13.3 - Example in R

Printer-friendly versionPrinter-friendly version

In R several packages are available. DiffBind is recommended because it appears to have all the necessary functionality.  Here we show the main output from the analysis of the peaks on chromosome 19.  The details are in the ChIP-seq R Lab.

Required inputs:

  • bam files of mapped reads from ChIP samples
  • bam files of mapped reads from reference samples
  • peak locations from a “peak caller”

DiffBind then does the remaining analyses.

 

Example

Data for Chromosome 19 was prepared from a study of differential binding of GATA1 in 2 cell types.

This not a huge sample. There were 2 erythroblast samples and 3 megakaryocyte samples.

DiffBind reports that you have 5 samples and there were 649 peaks in total that were merged down into 224 consensus peaks that could be used as features in the differential binding analysis.

How many of these peaks were in common in the two cell types?  Just 14.

determing number of peaks

At this point you might ask yourself, should you bother to do a differential binding analysis? The reason for asking this question is that there are only 14 peaks in common.  The other 210 sites appear to be "differential" since they are found in only one cell type.    However, it is actually not so clear that these sites are unbound in the other cells, since the peak caller must distinguish between the background and real peaks.  Both cell types likely have some reads mapped to these regions even though not peaks were called.  For this reason, we use all 224 regions as features.

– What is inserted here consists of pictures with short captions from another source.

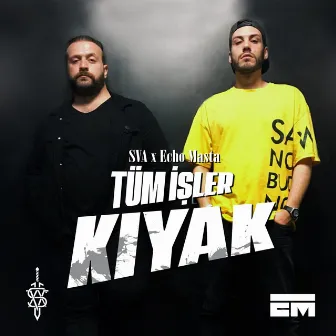 Tüm Işler Kıyak by Echo Masta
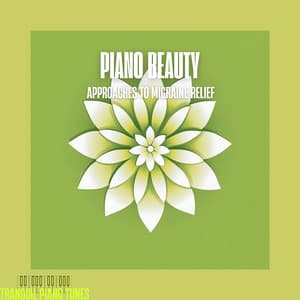 Piano Beauty Approaches to Migraine Relief - Tranquil Piano Tunes
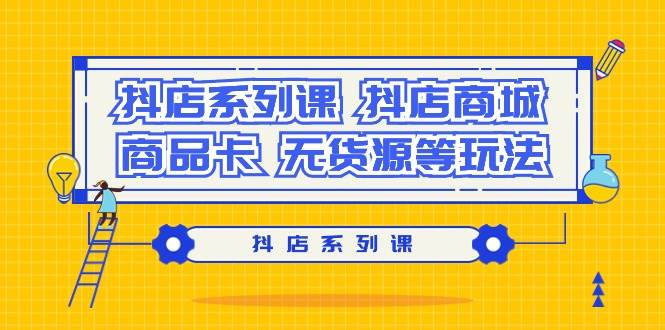 抖店系列课，抖店商城、商品卡、无货源等玩法-玖玖资源网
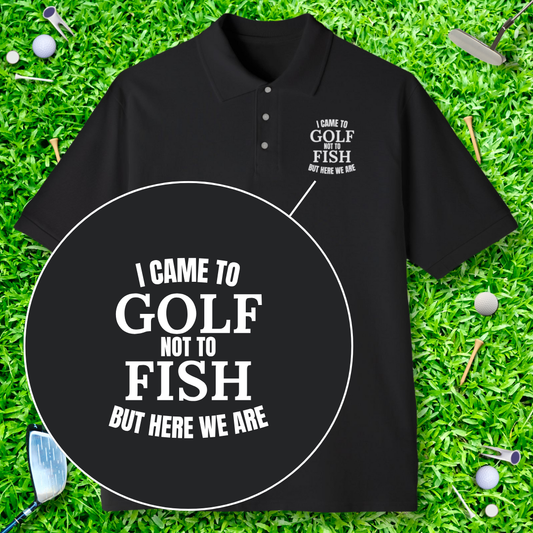 I Came To Golf, Not To Fish But Here We Are Polo
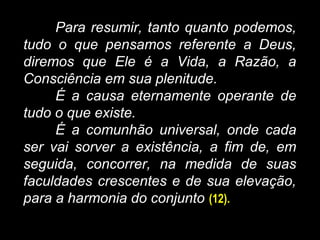 Para resumir, tanto quanto podemos,
tudo o que pensamos referente a Deus,
diremos que Ele é a Vida, a Razão, a
Consciência em sua plenitude.
É a causa eternamente operante de
tudo o que existe.
É a comunhão universal, onde cada
ser vai sorver a existência, a fim de, em
seguida, concorrer, na medida de suas
faculdades crescentes e de sua elevação,
para a harmonia do conjunto (12).
 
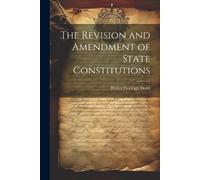 Walter Fairleigh Do The Revision and Amendment of State Constitutio (Tascabile)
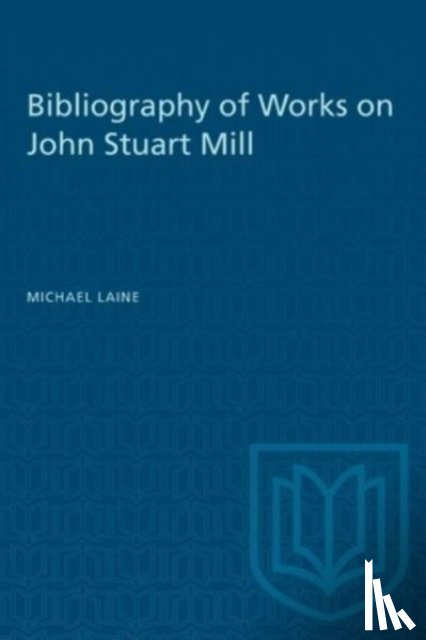 Laine, Michael - Bibliography of Works on John Stuart Mill
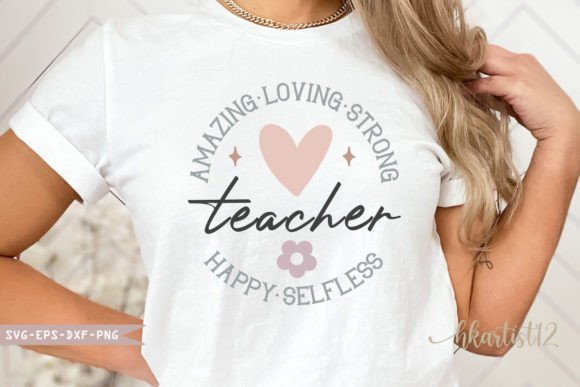 Amazing Loving Strong Happy Selfless T: Graphics for Crafts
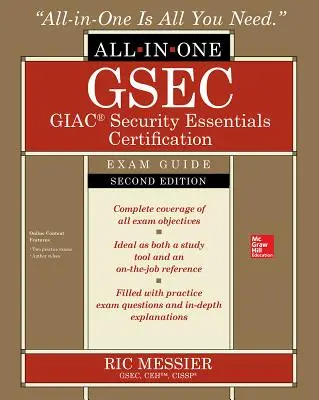 Gsec Giac Security Essentials Certification All-In-One Exam Guide, Second Edition (Průvodce zkouškou Gsec Giac Security Essentials All-In-One, druhé vydání) - Gsec Giac Security Essentials Certification All-In-One Exam Guide, Second Edition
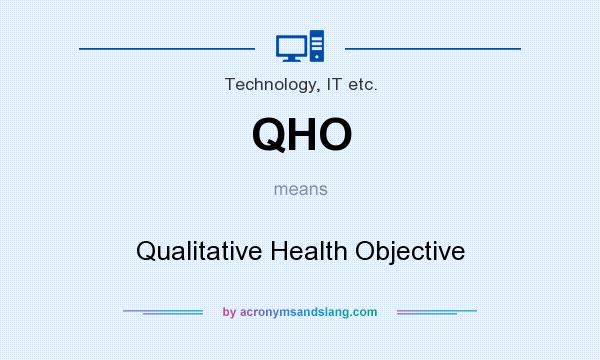 What does QHO mean? It stands for Qualitative Health Objective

The next step is to count the reads in each of the 224 peaks and do a differential expression analysis using edgeR, voom or DESeq2.

Usually the library size will be the total number of reads in the bam file (not the total in the peaks).

Notice that we found 224 peaks on chromosome 19.  Multiply this by the number of chromosomes and you may obtain several thousand peaks, so that the number of features is similar to differential expression analysis.  However, unlike differential expression analysis, there is no inexpensive technology that can be used to validate the peak locations and the binding intensity.